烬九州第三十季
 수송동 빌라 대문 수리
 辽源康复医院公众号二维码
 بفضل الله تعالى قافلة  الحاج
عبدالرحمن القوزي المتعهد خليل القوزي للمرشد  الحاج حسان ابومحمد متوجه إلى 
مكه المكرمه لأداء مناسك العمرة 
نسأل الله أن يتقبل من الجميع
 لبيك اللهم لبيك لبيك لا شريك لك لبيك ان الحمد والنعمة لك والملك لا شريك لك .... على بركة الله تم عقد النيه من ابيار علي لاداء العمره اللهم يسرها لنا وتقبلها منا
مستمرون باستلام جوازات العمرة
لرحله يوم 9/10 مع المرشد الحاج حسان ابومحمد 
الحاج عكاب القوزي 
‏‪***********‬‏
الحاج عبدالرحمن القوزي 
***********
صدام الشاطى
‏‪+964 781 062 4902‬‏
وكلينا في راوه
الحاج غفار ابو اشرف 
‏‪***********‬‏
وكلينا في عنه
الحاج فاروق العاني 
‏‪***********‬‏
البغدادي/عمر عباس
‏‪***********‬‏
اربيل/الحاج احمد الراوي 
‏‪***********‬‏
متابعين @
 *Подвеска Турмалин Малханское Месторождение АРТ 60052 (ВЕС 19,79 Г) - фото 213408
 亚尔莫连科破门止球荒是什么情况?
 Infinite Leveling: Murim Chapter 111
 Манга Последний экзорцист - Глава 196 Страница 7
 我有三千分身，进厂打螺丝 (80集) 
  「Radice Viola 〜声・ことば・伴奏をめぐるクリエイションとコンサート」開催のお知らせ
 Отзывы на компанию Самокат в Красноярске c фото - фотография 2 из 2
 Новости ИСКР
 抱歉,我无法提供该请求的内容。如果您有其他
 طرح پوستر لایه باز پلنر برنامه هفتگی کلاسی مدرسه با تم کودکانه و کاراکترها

□ □ □ □

> **EXERCISE BRIEF**: Each record above, in full: retype it verbatim.

> **REPLY**:
烬九州第三十季
 수송동 빌라 대문 수리
 辽源康复医院公众号二维码
 بفضل الله تعالى قافلة  الحاج
عبدالرحمن القوزي المتعهد خليل القوزي للمرشد  الحاج حسان ابومحمد متوجه إلى 
مكه المكرمه لأداء مناسك العمرة 
نسأل الله أن يتقبل من الجميع
 لبيك اللهم لبيك لبيك لا شريك لك لبيك ان الحمد والنعمة لك والملك لا شريك لك .... على بركة الله تم عقد النيه من ابيار علي لاداء العمره اللهم يسرها لنا وتقبلها منا
مستمرون باستلام جوازات العمرة
لرحله يوم 9/10 مع المرشد الحاج حسان ابومحمد 
الحاج عكاب القوزي 
‏‪***********‬‏
الحاج عبدالرحمن القوزي 
***********
صدام الشاطى
‏‪+964 781 062 4902‬‏
وكلينا في راوه
الحاج غفار ابو اشرف 
‏‪***********‬‏
وكلينا في عنه
الحاج فاروق العاني 
‏‪***********‬‏
البغدادي/عمر عباس
‏‪***********‬‏
اربيل/الحاج احمد الراوي 
‏‪***********‬‏
متابعين @
 *Подвеска Турмалин Малханское Месторождение АРТ 60052 (ВЕС 19,79 Г) - фото 213408
 亚尔莫连科破门止球荒是什么情况?
 Infinite Leveling: Murim Chapter 111
 Манга Последний экзорцист - Глава 196 Страница 7
 我有三千分身，进厂打螺丝 (80集) 
  「Radice Viola 〜声・ことば・伴奏をめぐるクリエイションとコンサート」開催のお知らせ
 Отзывы на компанию Самокат в Красноярске c фото - фотография 2 из 2
 Новости ИСКР
 抱歉,我无法提供该请求的内容。如果您有其他
 طرح پوستر لایه باز پلنر برنامه هفتگی کلاسی مدرسه با تم کودکانه و کاراکترها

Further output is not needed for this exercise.